Variation: You can substitute cantaloupe for the watermelon.

The pitcher that I planned to use could not hold a gallon of liquid. I ended up modifying the recipe by using 10 cups of water, 1 pound of watermelon pulp, and 1/3 cup sugar/splenda.

Saturday, July 12, 2008

Poached Eggs with Baked Feta and Olives

I think feta cheese and kalamata olives is one of the best flavor combinations that exists. I was intrigued by baking the feta and also the use of egg. I can tell you that the egg added a richness to the texture but also cut the richness of the strong flavors. A perfect combination!

The recipe calls for focaccia but I just used some crusty artisan bread and it was perfect. Also, I had to go out and buy a gratin for this recipe.
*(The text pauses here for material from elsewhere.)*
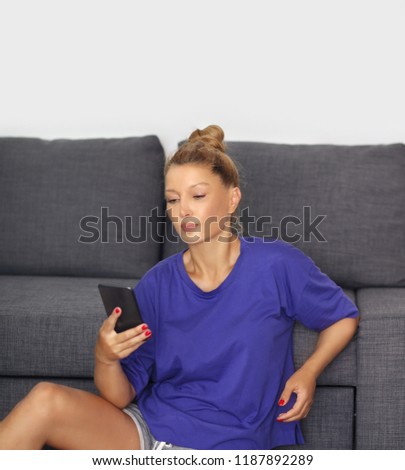 Woman relaxing using smarthone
But it was just an excuse to get some more kitchen goodies.

Poached Eggs with Baked Feta and Olives
6 servings

Six 3-inch squares of rosemary focaccia, halved horizontally

2 tablespoons extra-virgin olive oil, plus more for brushing

10 ounces feta cheese, cut into 6 slabs

Aleppo pepper or ancho chile powder, for sprinkling

6 large eggs


18 pitted kalamata olives

1 tablespoon chopped sage

Preheat the broiler and position a rack 6 inches from the heat. Bring a large deep skillet of water to a simmer. Brush the focaccia with olive oil and broil until lightly toasted. Put a slap of feta into each of 6 individual gratin dishes. Drizzle each slap with 1 teaspoon of the oil. sprinkle lightly with Aleppo pepper and broil for 2 to 3 minutes, until lightly browned and sizzling.

Meanwhile, crack the eggs one at a time into a small bowl, then slide them into the simmering water. Poach until the whites are set but the yuolks are sill runny, about 4 minutes. Using a slotted spoon, transfer the eggs to the gratin dishes and season with salt. Sprinkle with Aleppo pepper, the olives and sage. Serve with focaccia.

Friday, July 11, 2008

Peruvian-Style Fried Rice

Jaden of Steamy Kitchen recently posted Meat Fried Rice - Four Ways which really got me thinking about how versatile fried rice can be. When I saw this recipe for Peruvian-Style Fried Rice in the May, 2008 issue of Every Day with Rachael Ray Magazine I knew I wanted to give it a try. Anything with shrimp and chorizo sounds good to me. This recipe takes a traditional Chinese dish and gives it a Latin spin.

One warning I have for you if you make this recipe is that a large skillet is simply not large enough. I used a large skillet and it was filled up with the onion, shrimp and chorizo. There was no room for the rice! I ended up using a large dutch oven and that worked out really well.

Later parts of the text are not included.